Much to the delight (and relief) of many fans, the lyrics accompany the disc. Here's an overview of what the album offers:
Up first we have Adiyae Kolluthe, a heavy burst of synthesised music with Krish and Benny Dhayal singing at a high pitch. This number reminds you of bits of Oru Maalai, another celebrated Harris Jeyaraj hit. Penned by Thamarai, this number has the distinction of having Shruti Hasan on board as well. Her unyielding, strong voice suits the number, though there are no surprises in her vocal range. Come to think of it, the song, in itself, offers no surprises -- you've heard English phrases mingling with the song before, alternating with high-pitched notes that descend abruptly into the doldrums. It seems a rather watered down version of Uyirin Uyire.

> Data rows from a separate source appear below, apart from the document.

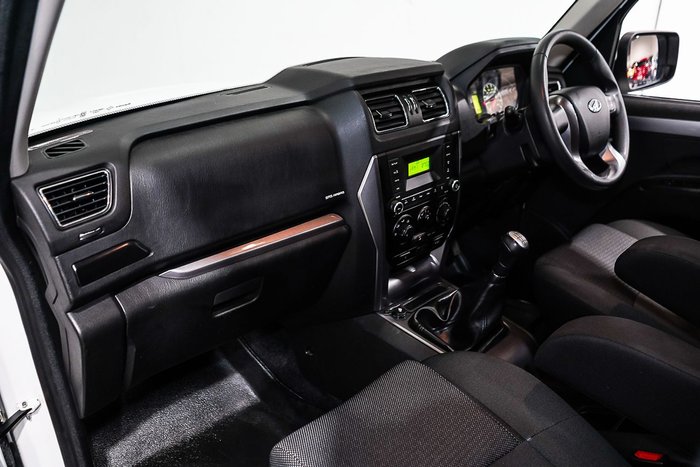 2021 Mahindra PIK-UP S6+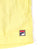 Fila Vintage Swim Shorts Yellow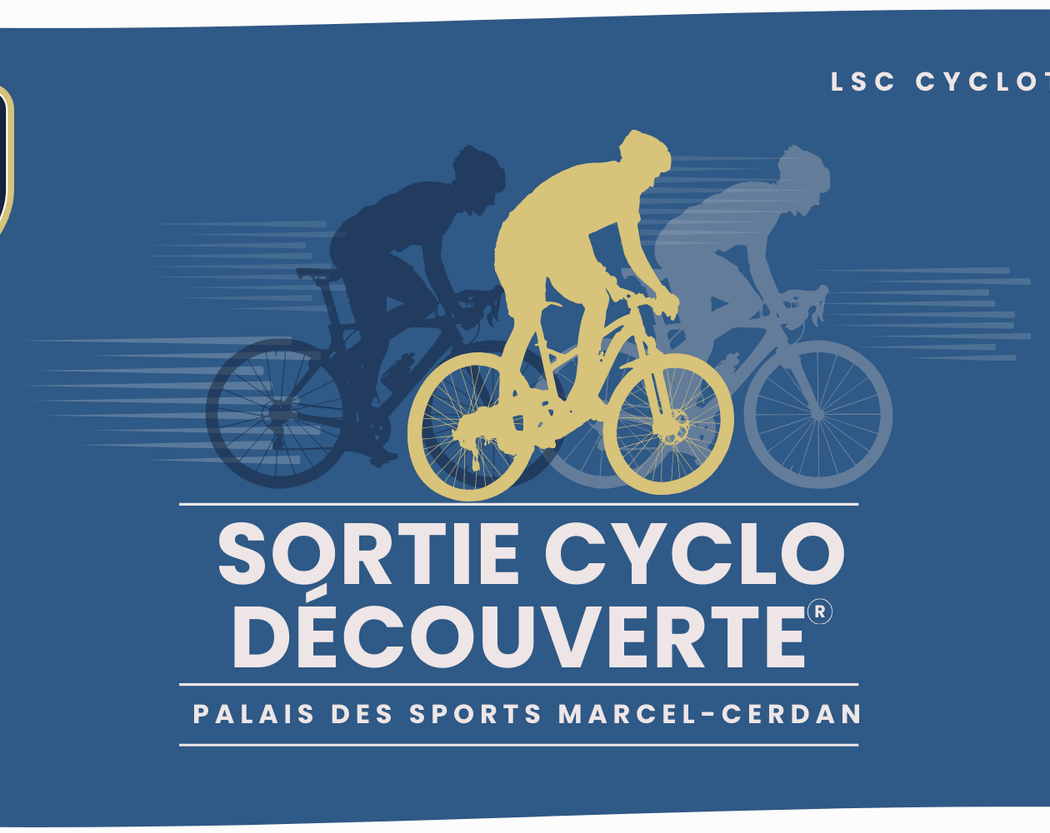 Sortie Cyclo Découverte 1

Nenjukkul Peidhidum kicks off in a mellow fashion with the strings of a guitar, some humming and an almost casual rendering by Hariharan, Devan and V Prasanna. After a long time, you hear a variation in the tune and Thamarai's beautiful lyrics, as always, add to the effect. A short guitar interlude reminds you a bit of Eric Clapton but it merges into another melody.
Benny Dhayal, Naresh Iyer and Solar Sai rap and begin Yethi Yethi. Though peppered with rap, this number reminds you of the tunes of the late 80s and early 90s. Presumably that was the intention but Harris can't help coming back to his Oru Maalai tune. Na Muthukumar has written this song, which follows the formula in Harris's style.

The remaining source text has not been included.